Every line of the listing is returned unchanged, and every picture is dropped.

> DATA BLOCK:
* * * * * * *
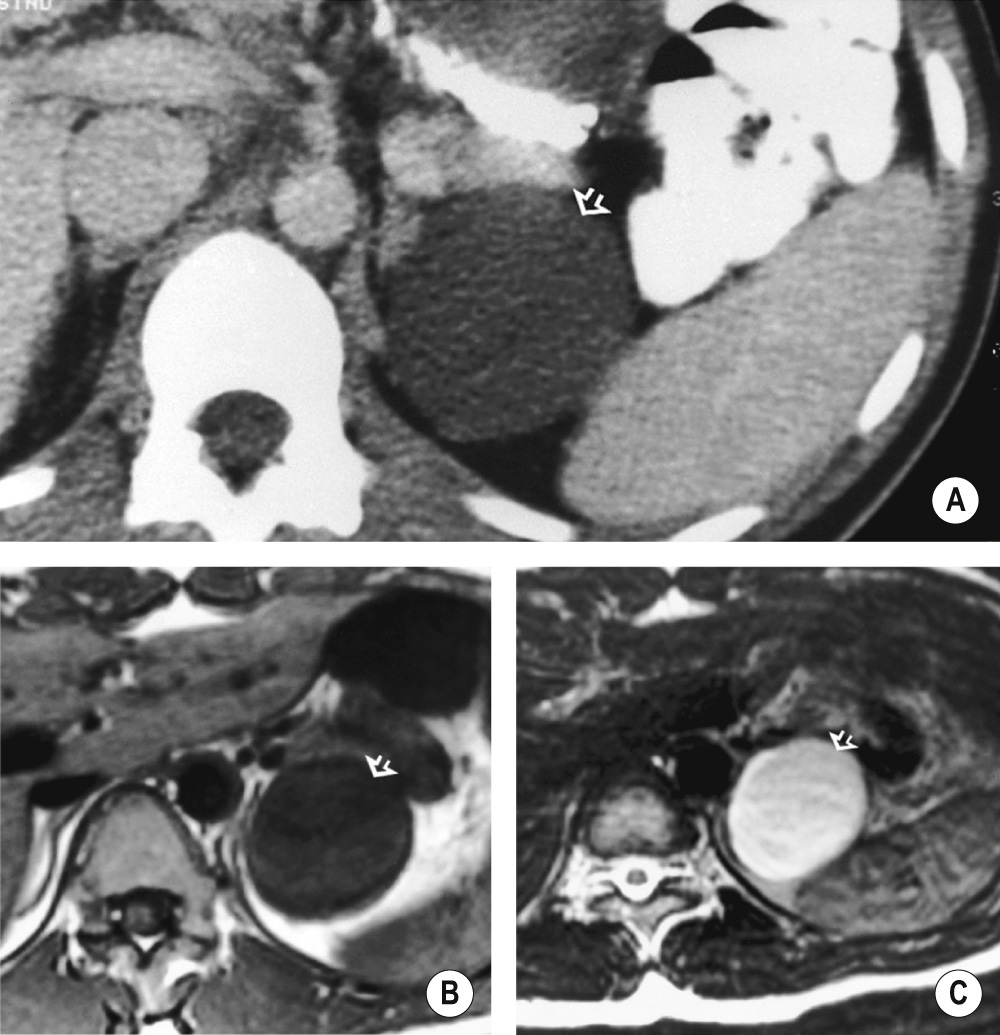 Adrenal cyst. (A) CECT showing the typical appearance of a cyst (arrow) within the left adrenal gland. (B) T1WI shows the low signal intensity of a simple cyst (arrow). (C) T2WI shows the uniformly high SI of a fluid-filled lesion (arrow). *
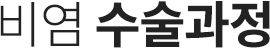비염수술 과정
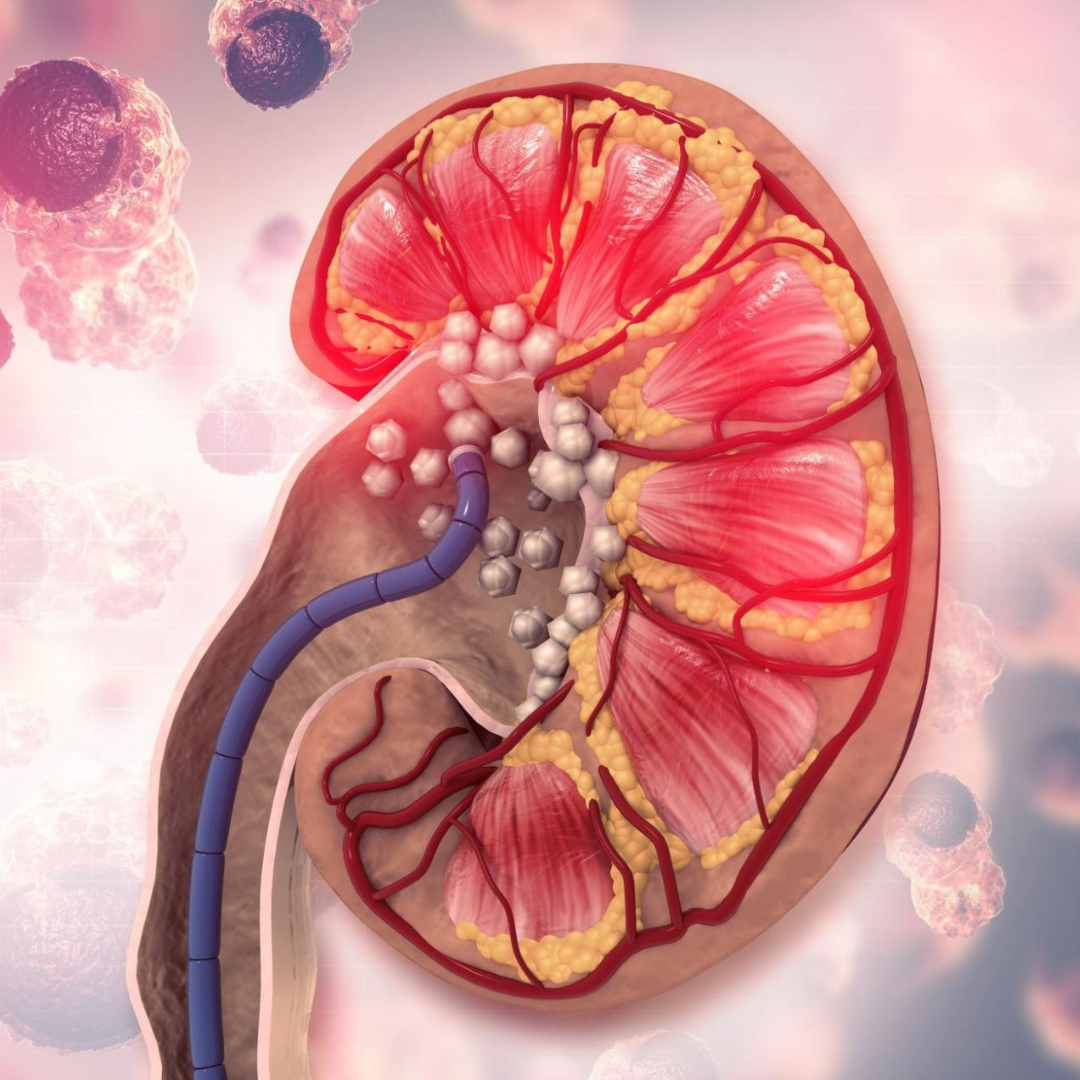 Stones causing obstruction and repeated infections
* * * * * * *
> SOLUTION TO THIS EXERCISE:
 Adrenal cyst. (A) CECT showing the typical appearance of a cyst (arrow) within the left adrenal gland. (B) T1WI shows the low signal intensity of a simple cyst (arrow). (C) T2WI shows the uniformly high SI of a fluid-filled lesion (arrow). *
비염수술 과정
 Stones causing obstruction and repeated infections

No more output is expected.